To that end, Bernie could be a big help in the short run, were he to resist demands for his surrender. In the long run, what he does in the coming weeks and months will hardly matter, but, for the time being, his acquiescence would dishearten his many supporters, causing some of them to retreat back into their private lives.

It would also diminish Sanders’ legacy. For what? Not to be called a “spoiler” the way that Nader still is? For helping to elect a corporate Democrat whose neoconservative inclinations and bellicose disposition all but guarantee that, before long, she will become the most detested President in the history of the United States?

These questions answer themselves. Even so, the likelihood is that Sanders will indeed acquiesce – perhaps not overtly, and perhaps not before Philadelphia – but nevertheless. To save face, he’ll probably take the bait – declaring that his first duty is to do all that he can to keep the Donald at bay.

Tragically, then, he will have fallen victim to the occupational hazard that politicians who try to repair the Clintonite rot from within the Democratic Party face: the rot overpowers them or gets into their heads, or both.

Witness the case of Elizabeth Warren, another rare opponent of the Democratic Party’s neoliberal turn. She has acquiesced already.

Perhaps she is more cowardly than Sanders or more self-serving. More likely, she is just a little ahead of him in demonstrating what a politician has to do, if she or he wants “to stay viable within the system,” as Hillary’s better half once put it.

Team Hillary has enlisted her to take the lead in making Trump the issue. She is good at it; she knows how to get under his skin. And so, for now, Warren’s signature issues, protecting consumers from banksters and regulating corporate predators, are on the back burner; chez Elizabeth, it’s all Trump all the time.

Talk about being used! Clinton’s flacks are even letting rumors fly about Warren and the Vice Presidency. Everybody knows this isn’t going to happen, but the thought that it might is enough to get more than a few Sanders supporters intrigued.

Were Hillary to pick Warren, she would be defying more than two hundred years of accumulated wisdom about the advantages of “balancing” presidential tickets — unless pairing a Wall Street flunky with someone whom Wall Street detests counts as balancing.

And if Clinton and her crew really do think that Trump has a chance, why would they waste the Vice Presidential slot on someone from a state that Hillary already has sewn up?

Naïve liberals should therefore forget about the Senator from Massachusetts becoming Hillary’s running mate. The rumor is a public relations ploy, good only for keeping gullible progressives from grasping the implications of Bernie’s defeat.

Public relations ploys that promote the idea that Hillary is a progressive at heart have lately become useful for Clinton — because anti-Trump hysteria may not be enough to turn most Sanders supporters into grudging lesser evil Clinton voters. She is therefore holding out a straw for those Sanders supporters to grasp. If enough do and therefore stay on board a while longer, it will damage the chances of getting a real alternative to Clinton and Clintonism going in time to do any good.

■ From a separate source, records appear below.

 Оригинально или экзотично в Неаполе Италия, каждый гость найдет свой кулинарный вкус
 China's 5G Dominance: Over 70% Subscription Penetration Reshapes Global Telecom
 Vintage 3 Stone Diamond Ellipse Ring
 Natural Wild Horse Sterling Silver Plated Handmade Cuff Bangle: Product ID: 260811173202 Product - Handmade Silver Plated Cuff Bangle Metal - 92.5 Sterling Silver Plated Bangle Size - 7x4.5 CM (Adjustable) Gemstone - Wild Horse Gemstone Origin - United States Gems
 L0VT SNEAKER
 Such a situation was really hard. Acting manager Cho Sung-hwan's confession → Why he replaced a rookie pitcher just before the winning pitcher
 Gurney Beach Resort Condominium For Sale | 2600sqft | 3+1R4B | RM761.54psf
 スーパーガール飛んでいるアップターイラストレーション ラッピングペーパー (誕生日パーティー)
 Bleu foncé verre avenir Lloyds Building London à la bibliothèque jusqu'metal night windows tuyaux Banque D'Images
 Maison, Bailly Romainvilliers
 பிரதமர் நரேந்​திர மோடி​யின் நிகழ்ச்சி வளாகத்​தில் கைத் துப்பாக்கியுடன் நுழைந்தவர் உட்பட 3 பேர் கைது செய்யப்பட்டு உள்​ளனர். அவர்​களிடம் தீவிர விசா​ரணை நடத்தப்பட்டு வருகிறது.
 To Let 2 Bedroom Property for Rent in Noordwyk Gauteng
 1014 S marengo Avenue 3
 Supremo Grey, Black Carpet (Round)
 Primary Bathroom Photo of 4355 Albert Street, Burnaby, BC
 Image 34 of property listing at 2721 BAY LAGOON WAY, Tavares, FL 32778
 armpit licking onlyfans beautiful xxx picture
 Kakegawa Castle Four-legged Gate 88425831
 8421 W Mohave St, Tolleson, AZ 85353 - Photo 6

Thanks to Bernie, Hillary has been faking left for some time now. But, of course, it is all a charade, portending nothing whatsoever about any real change of heart. Once the election is over, she and Bill will revert back to their old neoliberal ways in less time than it will take their entourage to pack up their personal effects for the move back to 1600 Pennsylvania Avenue.

By then too, Warren will be yesterday’s lunch. If she wants to let herself be used now to make Trump, not Hillary, the issue, she can go to hell. If there isn’t already “a special place” there for Hillary-boosters like her, there ought to be.

Clintonites take progressive constituencies for granted, confident that workers and people of color have nowhere else to go. To be on the safe side, though, they sometimes do pander to labor leaders and to black and brown notables.

No doubt, they would prefer to hobnob with Wall Street predators and Hollywood celebrities, but they can hardly ignore the major poobahs of their most loyal voters – not when they get so much bang for the buck by throwing a little attention their way.

The beneficiaries of their efforts are so grateful to be acknowledged at all that coopting them is child’s play.   On the other hand, rank-and-file workers and politically unconnected persons of color are on their own as far as the Clintons are concerned – except, of course, when they find it expedient to feel their pain.

In their hearts, the Clintons regard everyone to their left – that is to say, nearly everyone with any significant chance of voting Democratic — with contempt. If they pretend otherwise, as they are doing now in order to entice Sanders supporters into the Clintonite fold, it is because they feel that they have no choice; and because they believe that, before long, the need will pass and normalcy will return.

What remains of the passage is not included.